= ISKCON and 8 Others v. United Kingdom =

ISKCON and 8 Others v. United Kingdom was a legal case decided by the European Commission on Human Rights in 1994. The main points of law looked at use of property and planning permissions, regarding the use of an English manor by the Hare Krishna movement.

==Background==

In 1973, ISKCON acquired a manor for religious and residential use, which did not raise objections at the time.

In 1983, it entered into an agreement with the local authority, providing that ISKCON would not permit more than 1,000 persons to visit the manor on any one day except with the council's consent. In 1987, the local authority served an enforcement notice to ISKCON claiming the latter had not fulfilled the agreement, and besides made a breach of planning control by changing the use of the land, requiring to change the use of the land. ISKCON considered it did not breach planning control and was being deprived of its rights under the 1983 agreement by the notice. The notice was confirmed after ISKCON's appeal by the Secretary of State in 1990 and by the courts in 1991 and 1992.

==Decision==

The Commission found the complaint to be inadmissible, by a majority.

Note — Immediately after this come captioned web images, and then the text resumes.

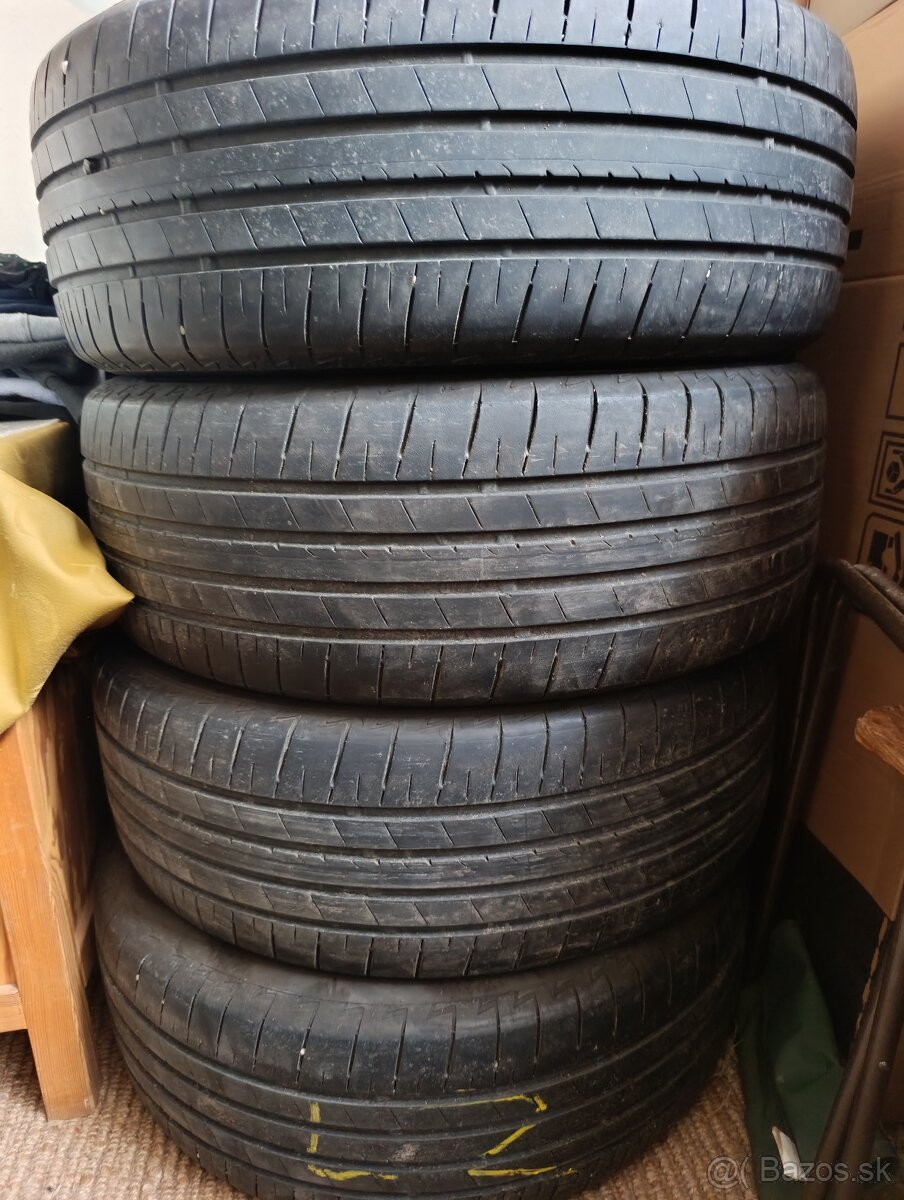 letne pneumatiky - Bridgestone 215/55R18-95H
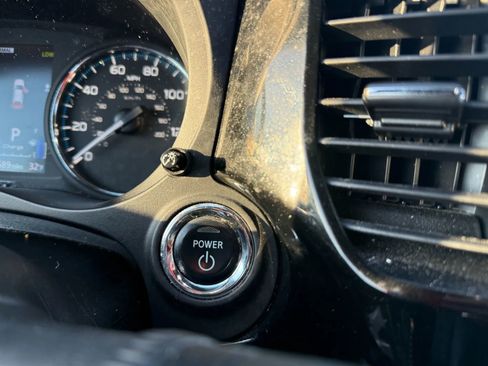 Used 2021 Mitsubishi Outlander SEL image 29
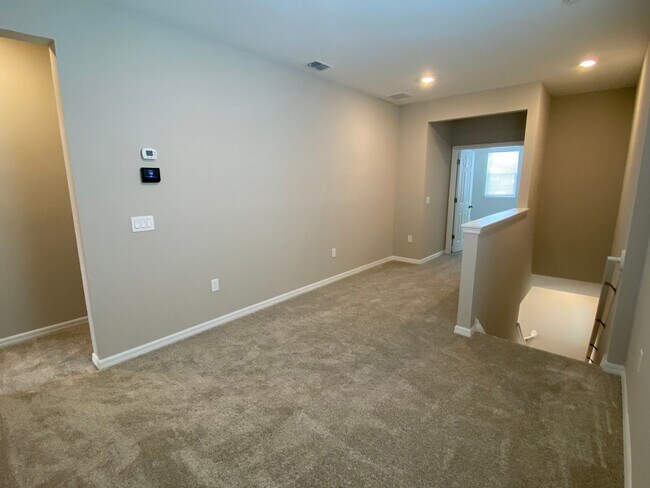 Building Photo - 4/2/5 Winter Garden Townhouse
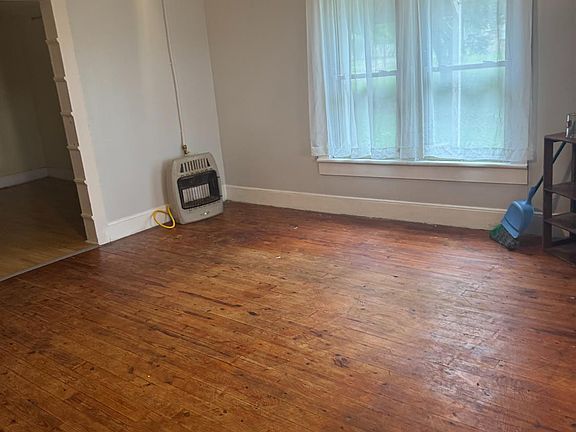 3rd image of 1608 McLain St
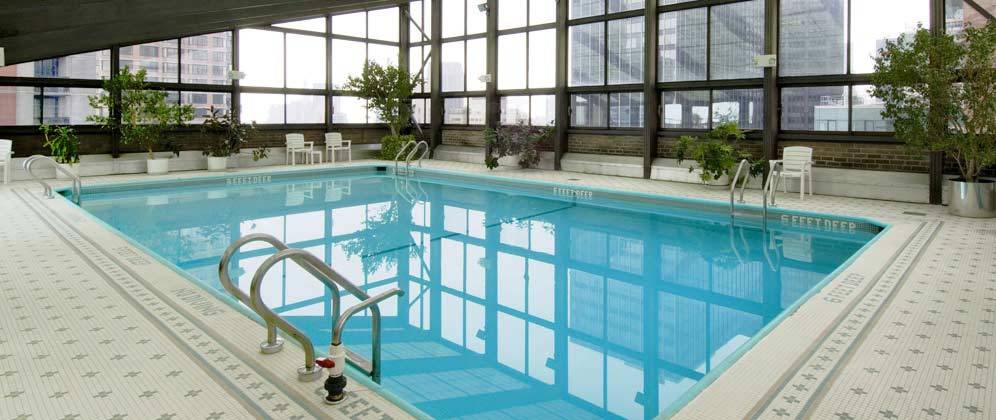 Large Bright 2BR, 2Bth Luxury Murray Hill Highrise with  Roof Pool & Sauna.  $$NO FEE$$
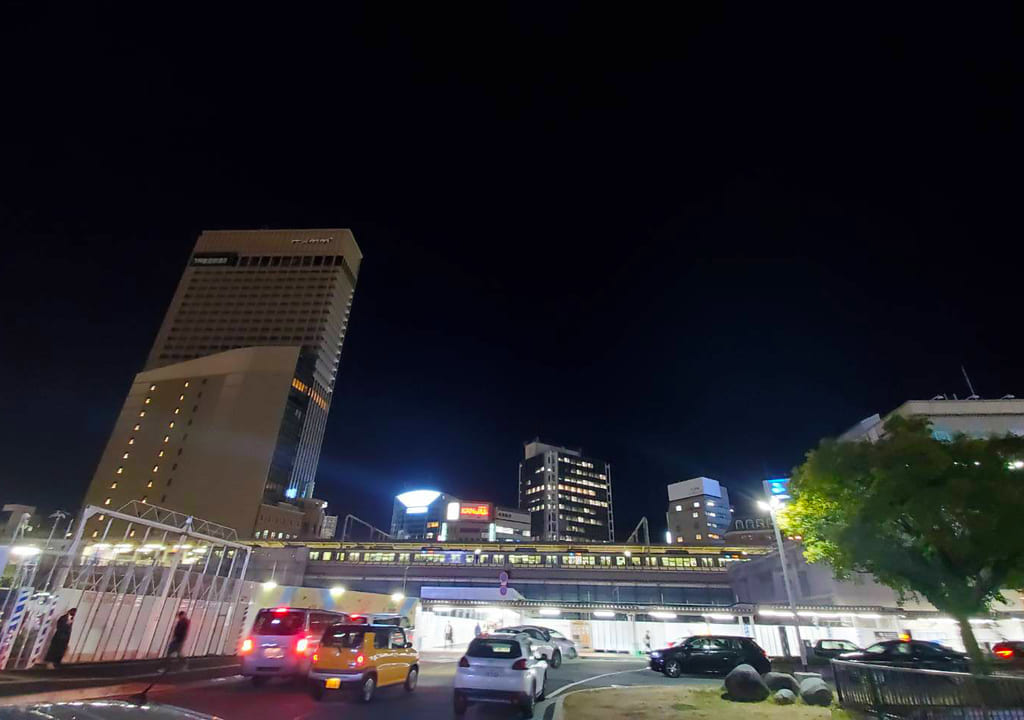 JR三ノ宮から見た神戸の都心にオープンEKIZO神戸三宮の夜の外観画像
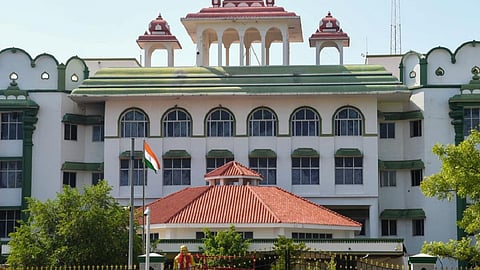 உயர் நீதிமன்றம், மதுரைக் கிளை.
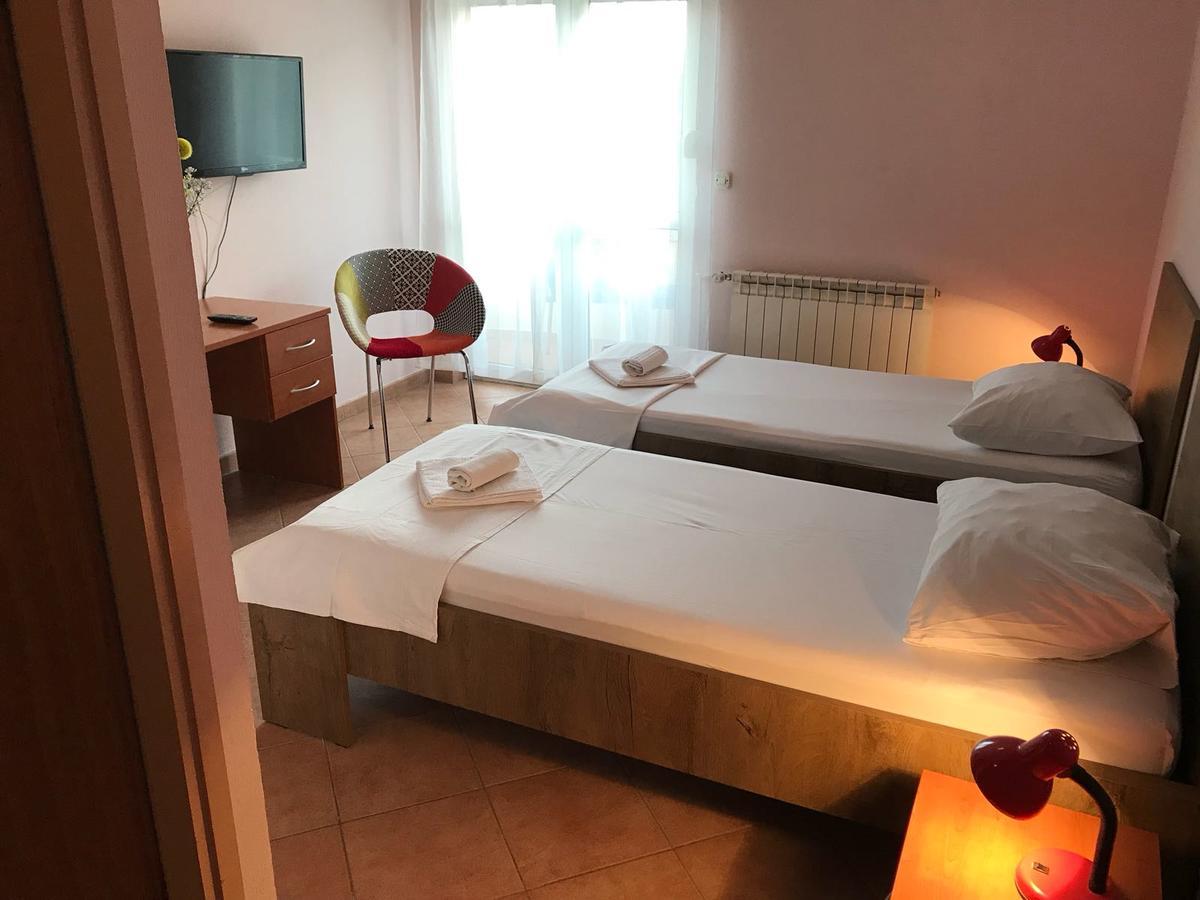 Guest House Ivo Stobreč 外观 照片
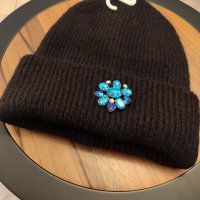 Нови зимни шапки с камъни, снимка 10 - Шапки - 43792313
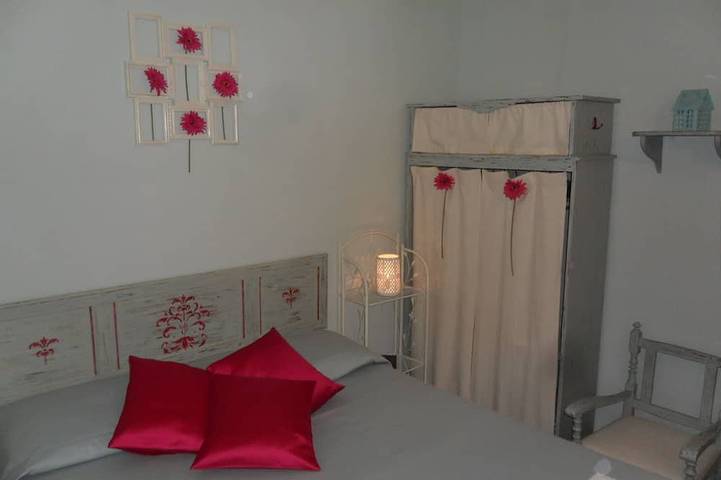 Apartamento entero, Castellonesto-Lilla (2p) aplicación. con piscina in Cagli, Valle del Metauro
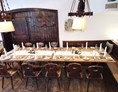 Restaurant: Der Stammtisch für eine Hochzeit festlich gedeckt - Die Stube im Maximilianhof 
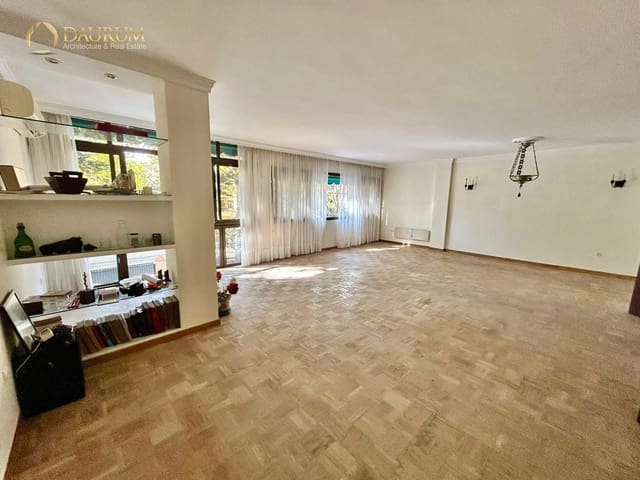 5 makuuhuone Asunto myytävänä paikassa El Limonar, Málaga kaupunki mukana 
autotalli - 875 000 € (Ref: 9332839)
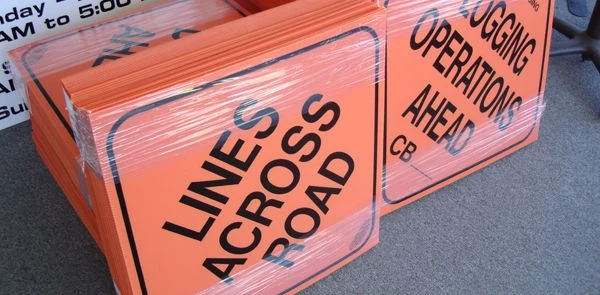 Plastic Signs & Yard Signs Plastic Signs & Yard Signs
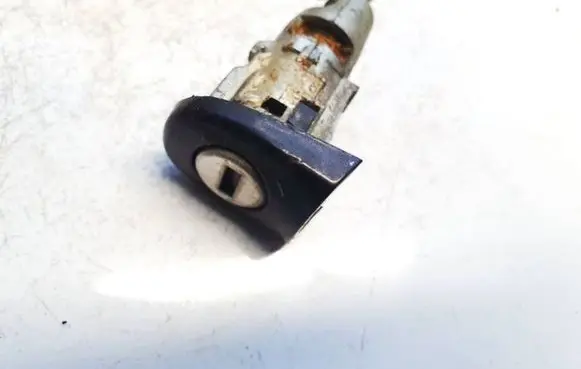 Volkswagen Golf V Front door lock (next to the handle) 1k0837167a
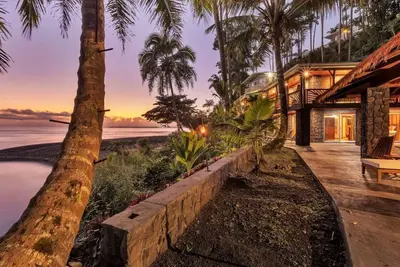 Image de Oceanfront Estate: The Honolii Hale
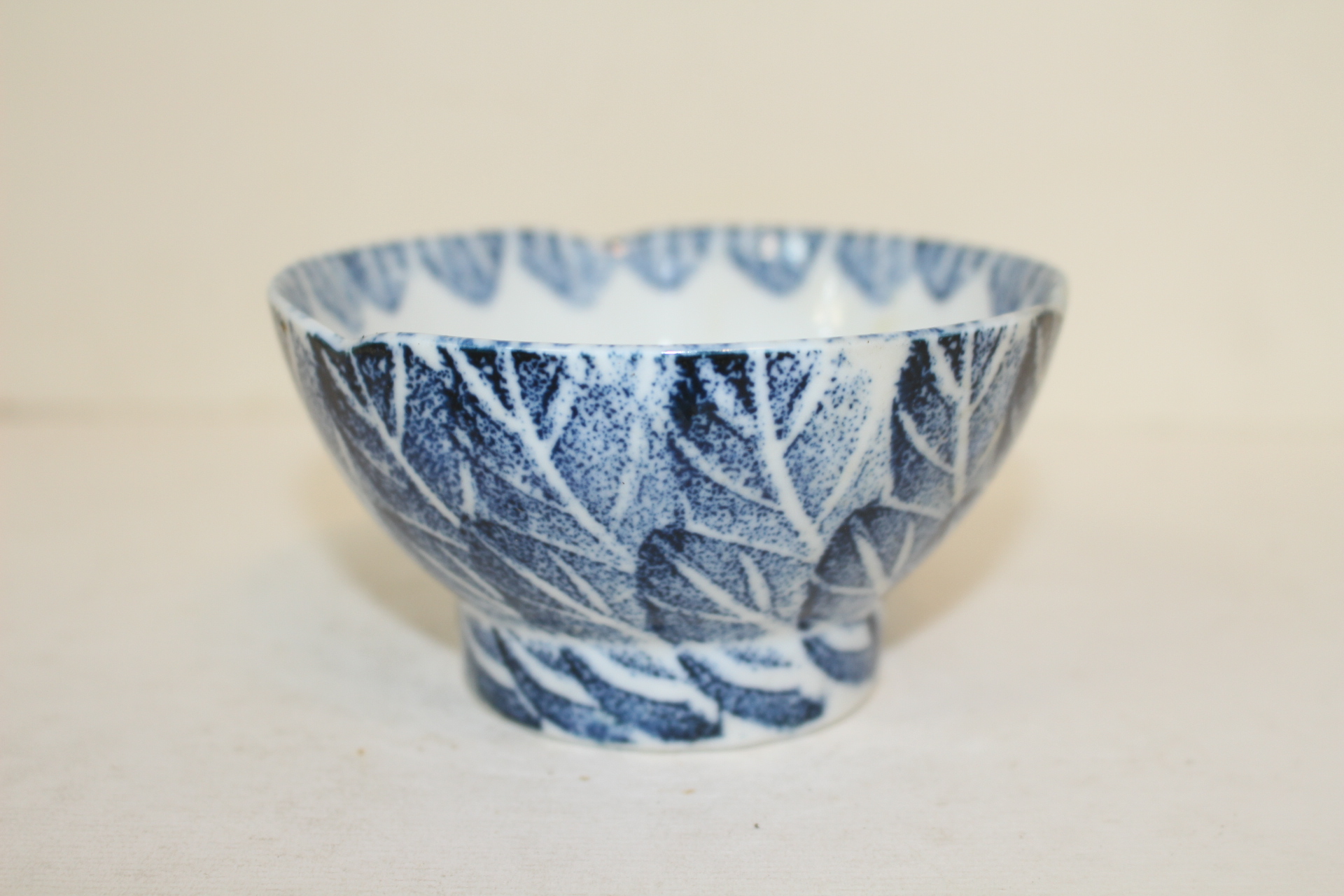 연대가좋은 청화백자나뭇잎문 화형완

It acknowledged an interference with the Article 9 (freedom of religion) rights to happen, but, unlike applicants, considered it was necessary in a democratic society to protect the rights of residents of the nearby village and public order.

Important conclusions included that "the Commission does not consider that Article 9 (Art. 9) of the Convention can be used to circumvent existing planning legislation, provided that in the proceedings under that legislation, adequate weight is given to freedom of religion" and "statements in letters sent by Ministers and an official [...] to the effect that the decision on ISKCON's appeal against the enforcement notice was based on the relevant land-use planning grounds and that "the religious aspects of the Society's activities at Bhaktivedanta Manor were not relevant". The Commission does not interpret these statements as suggesting that the religious importance of the Manor to the members of ISKCON was not fully taken into account and weighed against the general planning considerations, but rather as making clear that the refusal of planning permisison [sic] was based on proper planning grounds and not on any objections to the religious aspects of the activities of ISKCON".